The district court did not disagree that intoxicants may have played a role in the crime. In the court's view, however, the evidence of premeditation disputed the idea that the rape was a rash act produced by alcohol or that it was performed during an alcoholic blackout. Warnell called the victim to make sure she was alone. He attempted to hide his identity by wearing a stocking over his face. He took a knife and flashlight with him. He appeared to know details about the victim's house and where she kept personal household items, which indicates that he may have spied on her in the past. He told the victim that she should perform his sexual requests in the same manner she performed for her husband, possibly indicating that Warnell — who was unknown to the victim — had previously become familiar with the victim's personal life.
The transcript of the sentencing hearing indicates that the court considered the sentencing goals of deterrence, retribution and rehabilitation. Warnell argues, however, that the court focused on retribution and deterrence, and gave rehabilitation short shrift. We disagree, but even if true, such a focus would not necessarily constitute an abuse of discretion. A sentence need not serve all the sentencing goals, but may serve any of them. State v. Koho, 124 Idaho 194, 858 P.2d 334 (Ct.App. 1993); Toohill, 103 Idaho at 568, 650 P.2d at 710. The goals of retribution and deterrence by themselves may be sufficient to justify the sentence. Koho, supra; State v. Waddell, 119 Idaho 238, 804 P.2d 1369 (Ct.App. 1991). The primary consideration in sentencing "is, and presumptively always will be, the good order and protection of society. All other factors are, and must be, subservient to that end." State v. Moore, 78 Idaho 359, 363, 304 P.2d 1101, 1103 (1956); Koho, supra.
The court stated that in its view, Warnell showed less compassion for his victim than some murder cases that had come before the court. The court imposed a long sentence and recommended that psychological counseling be given. It observed that at some point, the appropriate authorities may feel that Warnell may again be found to be trustworthy. This is consistent with Warnell's psychological evaluation. The psychologist who performed the evaluation stated that Warnell suffered from post-traumatic stress primarily because of his abusive childhood. The psychologist stated that:
[E]motional factors, coupled with his personality disorders and substance abuse problems likely interacted to create a very unstable individual whose history is to react with either depression or aggression. Both seem driven by anger and insecurity. . . .

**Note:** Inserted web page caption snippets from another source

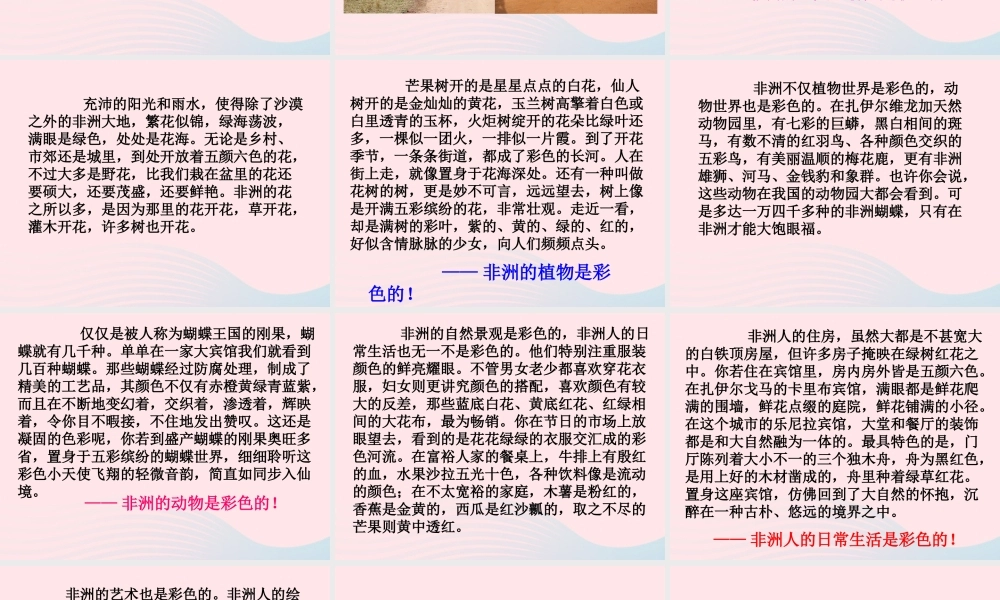 五年级语文下册 第八组 28 彩色的非洲教学课件2 新人教版-新人教版小学五年级下册语文课件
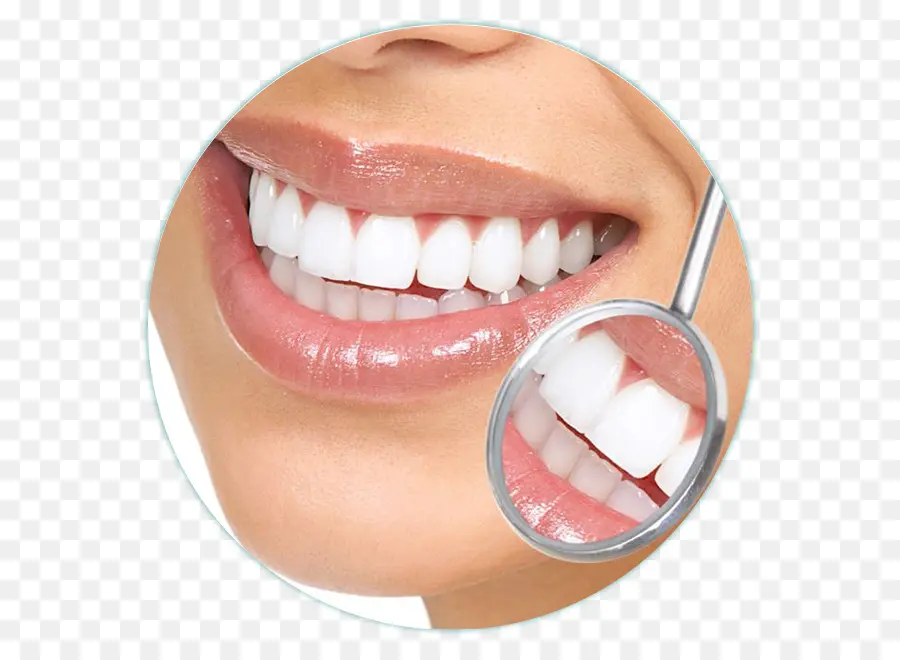 Odontologia，Dentista PNG
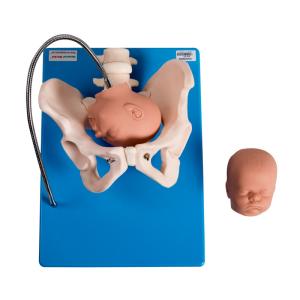 Quality Gynecologic Fixed PVC Female Pelvis Model With Fetus Heads for sale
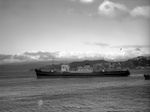 Hazelmoor (Ship) in Wellington Harbour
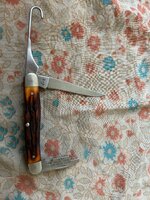 IMG_3450.jpeg
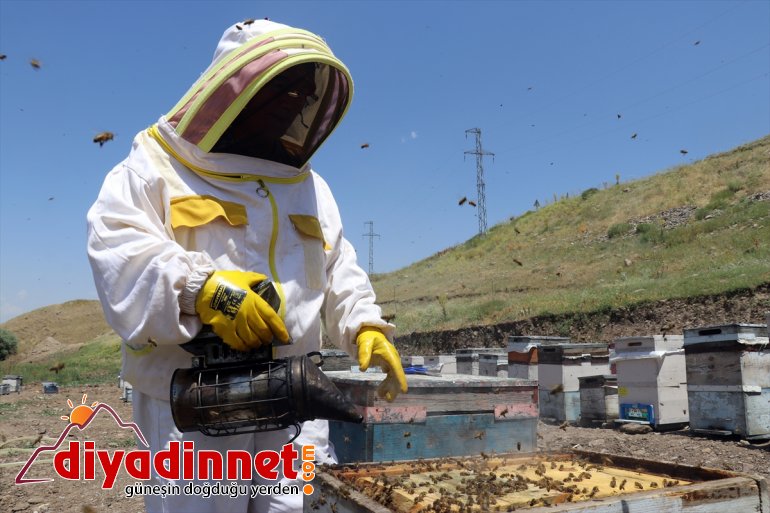 mesaisinde destekli) kadınları zorlu Karadeniz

My impression is that Mr. Warnell is amenable to treatment.
The court fashioned a sentence which recognized that Warnell may change. By including a long indeterminate term, however, the court also recognized that Warnell may not change and society should continue to be protected. Warnell's disagreement with this approach does not make it an abuse of discretion. We will not substitute a different view of the sentence for that of the sentencing court's where reasonable minds might differ. Further, although Warnell points out that other offenders have received less severe sentences for rape, we note that some have received longer sentences. See, e.g., State v. Wolverton, 120 Idaho 559, 817 P.2d 1083 (Ct.App. 1991). Moreover, disparity among sentences given to various defendants as punishment for similar crimes does not demonstrate an abuse of discretion. State v. Seifart, 100 Idaho 321, 597 P.2d 44 (1979).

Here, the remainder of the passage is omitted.